Information provided:
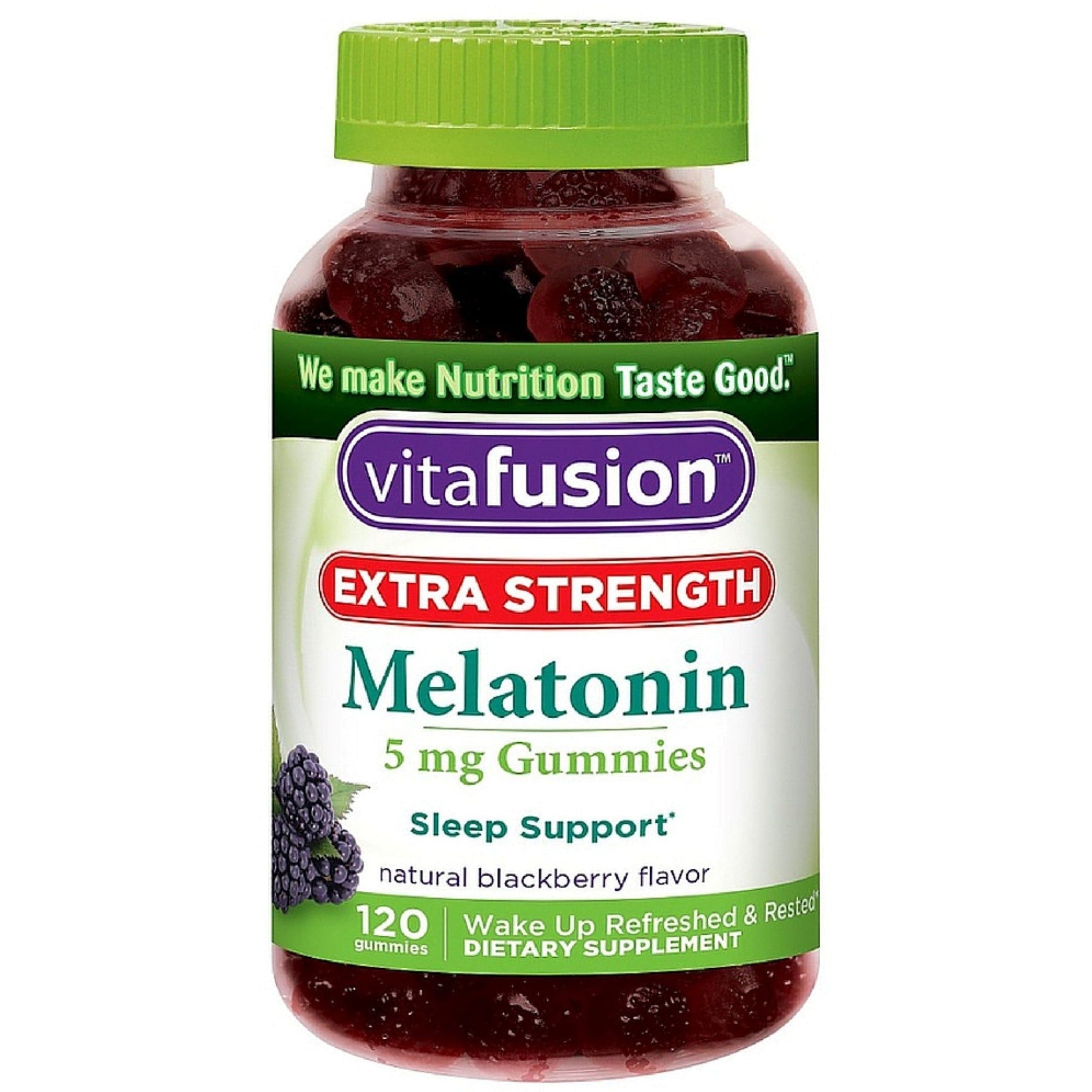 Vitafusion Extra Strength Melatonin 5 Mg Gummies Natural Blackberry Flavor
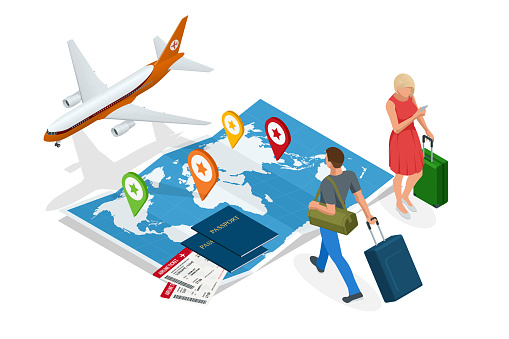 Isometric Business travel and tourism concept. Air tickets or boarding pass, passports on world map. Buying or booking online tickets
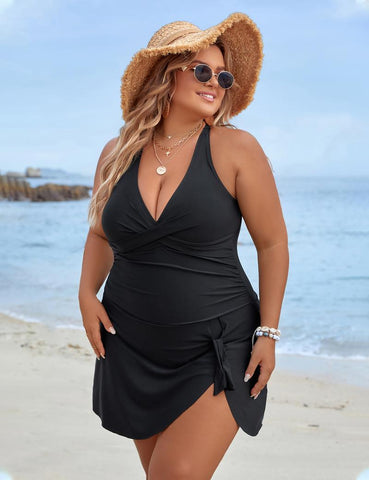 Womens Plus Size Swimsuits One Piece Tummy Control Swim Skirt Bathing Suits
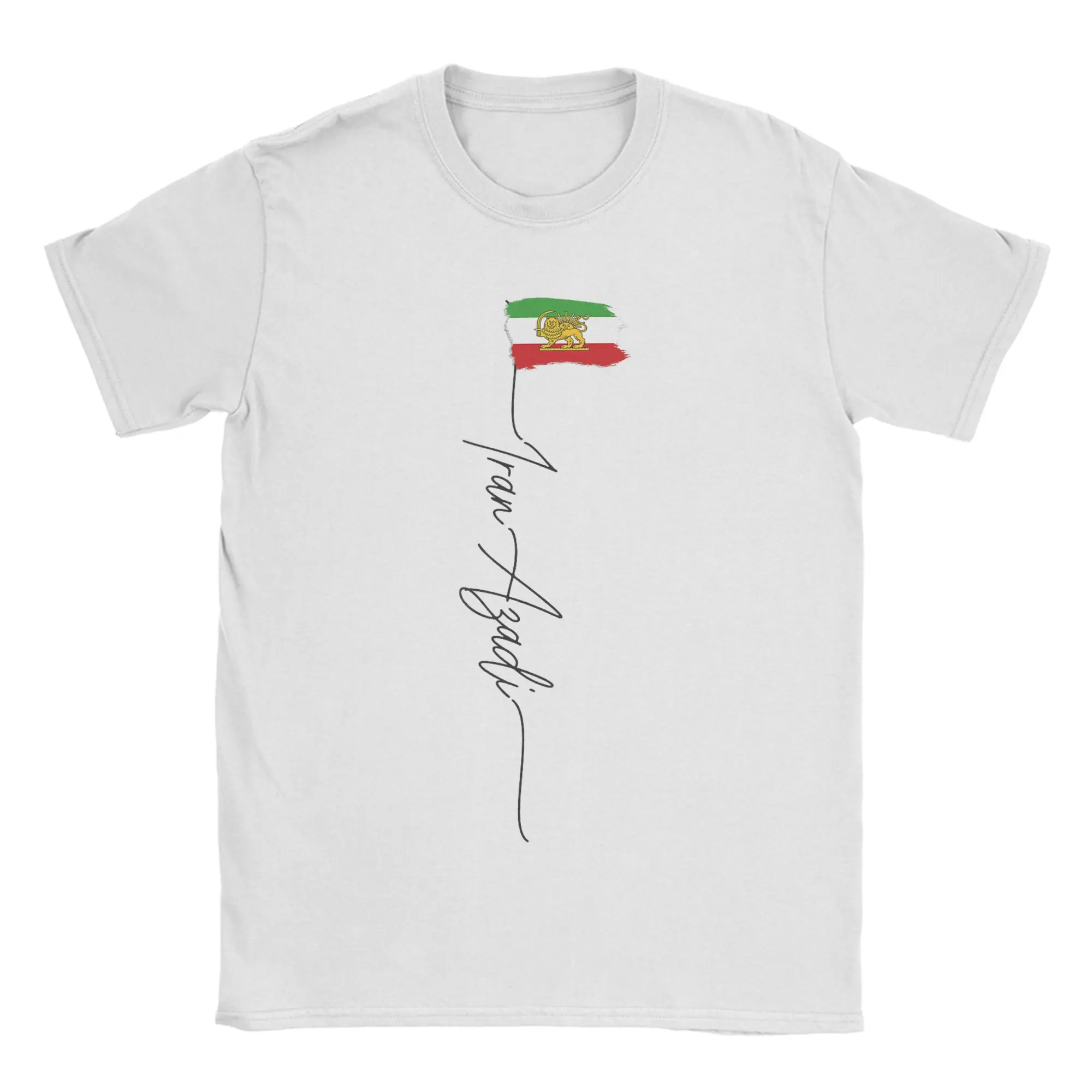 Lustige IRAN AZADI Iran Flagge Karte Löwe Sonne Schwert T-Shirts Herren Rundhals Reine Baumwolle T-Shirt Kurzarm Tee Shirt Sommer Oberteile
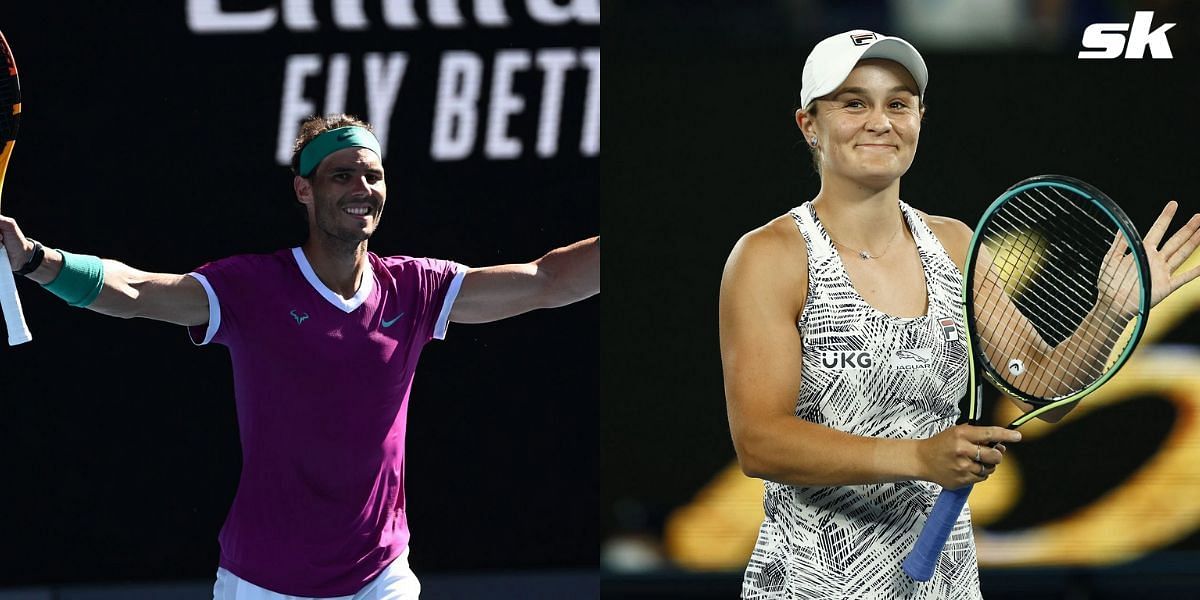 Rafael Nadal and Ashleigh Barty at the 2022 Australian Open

Exercise: Only the text of the material belongs in your copy, which must match the original exactly.

Reply to the exercise:
 Vitafusion Extra Strength Melatonin 5 Mg Gummies Natural Blackberry Flavor
 Isometric Business travel and tourism concept. Air tickets or boarding pass, passports on world map. Buying or booking online tickets
 Womens Plus Size Swimsuits One Piece Tummy Control Swim Skirt Bathing Suits
 Lustige IRAN AZADI Iran Flagge Karte Löwe Sonne Schwert T-Shirts Herren Rundhals Reine Baumwolle T-Shirt Kurzarm Tee Shirt Sommer Oberteile
 Rafael Nadal and Ashleigh Barty at the 2022 Australian Open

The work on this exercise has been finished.